Distinguishability of k-sparse unit energy signals when using different fully random sensing matrix: a \(n = 1000\); b \(k = 10\)

In Fig. 9.4a, we show the 0.95 percentile of \(\vartheta _{C}\), \(\vartheta '_{R1}\), and \(\vartheta '_{R2}\) when \(n = 1000\) and k varies in the interval [1, 500]. The results show that for the two considered classes of sparse signals the security of G-OTS-C and G-OTS-R1 has a similar behavior: the security of both cryptosystems is independent of k when the signal is sparse in the sensing domain, whereas there is a strong dependence on the signal sparsity when the signal is sparse in the DCT domain, since sparser signals are more difficult to conceal. An intuitive explanation is that a very sparse signal in the DCT domain is heavily correlated in the sensing domain and a circulant matrix leaks a lot of information on this correlation.
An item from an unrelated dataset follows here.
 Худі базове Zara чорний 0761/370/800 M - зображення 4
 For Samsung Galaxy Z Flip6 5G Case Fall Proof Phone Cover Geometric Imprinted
For G-OTS-R2, the security is independent of both k and the sparsity domain, indicating that the prerandomization improves the confidentiality of measurements.
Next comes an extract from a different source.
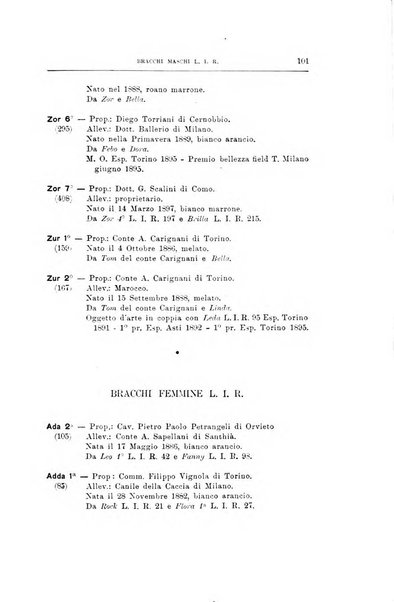 Libro delle origini dei cani iscritti nei libri genealogici italiani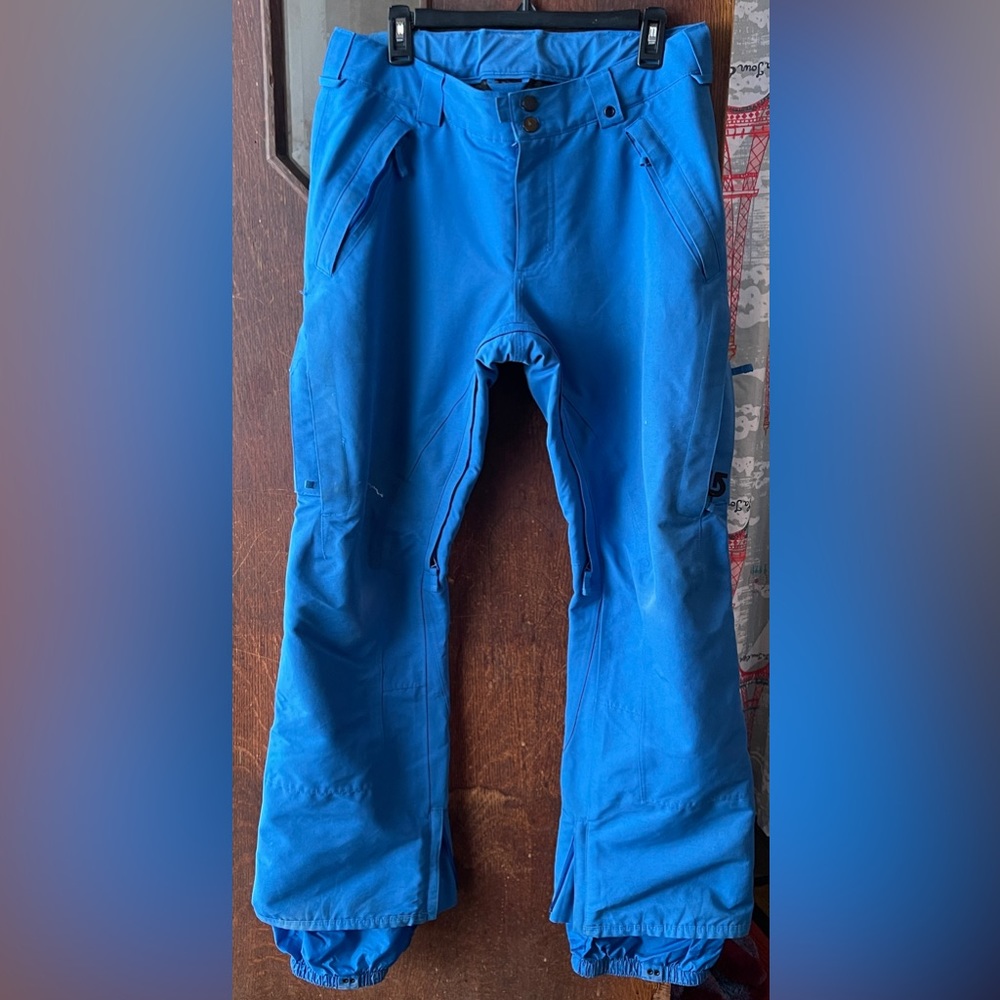Mens Blue Burton Snowpants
In Fig. 9.4b, we show the 0.95 percentile of \(\vartheta _{C}\), \(\vartheta '_{R1}\), and \(\vartheta '_{R2}\) when \(k = 10\) and n varies in the interval [20, 1000]. The security of the G-OTS-C cryptosystem increases for large values of n when the signal is sparse in the sensing domain, whereas it decreases for large values of n when the signal is sparse in the DCT domain. This can be explained by the fact that a signal having a fixed sparsity in the DCT domain becomes extremely correlated when n increases. In the case of the G-OTS-R1 cryptosystem, the security is independent of n when the signal is sparse in the DCT domain, whereas it significantly increases for large values of n when the signal is sparse in the sensing domain. In the case of the G-OTS-R2 cryptosystem, the security always increases for large values of n, showing that this second acquisition strategy guarantees the same level of confidentiality irrespective of the sparsity domain.

Fig. 9.4
figure 4

Distinguishability of k-sparse unit energy signals when using different random circulant sensing matrices: a \(n = 1000\); b \(k = 10\)

9.7 Conclusions

In this chapter, we have analyzed the security of CS measurements when the sensing matrix is either a fully random non-Gaussian matrix or a partial circulant random matrix. Unlike the case of fully random Gaussian matrices, which reveal only the energy of the sensed signal, we find that more general constructions also reveal some partial information on the structure of the signal. This fact implies that normalizing the measurements cannot achieve a perfectly secure channel for this kind of matrices. In order to measure this loss of security, we introduce an operational definition of security based on the problem of distinguishing different signals and we provide useful bounds for evaluating the security of various types of sensing matrices according to this definition.

The above definition has been applied considering two classes of sparse signals. The results indicate that non-Gaussian sensing matrices can provide a certain level of confidentiality when signals are sparse in a DFT-like domain, however they are not able to conceal signals that are very sparse in the sensing domain. For what concerns circulant sensing matrices, the results indicate that partial circulant matrices obtained by taking the first rows of a circulant matrix, which are interesting in practical settings since they enable processing directly on the measurements, provide a very poor encryption layer. The security of circulant sensing matrices can be improved by using a proper randomization. If the sensing matrix is obtained by choosing the rows at random, this construction provides a weak encryption layer if the signals are sparse in the sensing domain, but is not very secure if the signal is sparse in a DFT-like domain. If, in addition, the signs of the signal samples are randomly scrambled before acquisition, this second construction is shown to provide a weak encryption layer irrespective of the sparsity of the signal and the sparsity domain. It is worth noting that the above randomized constructions, even if they do not permit direct processing of the measurements, still retain the computational advantages of standard circulant matrices.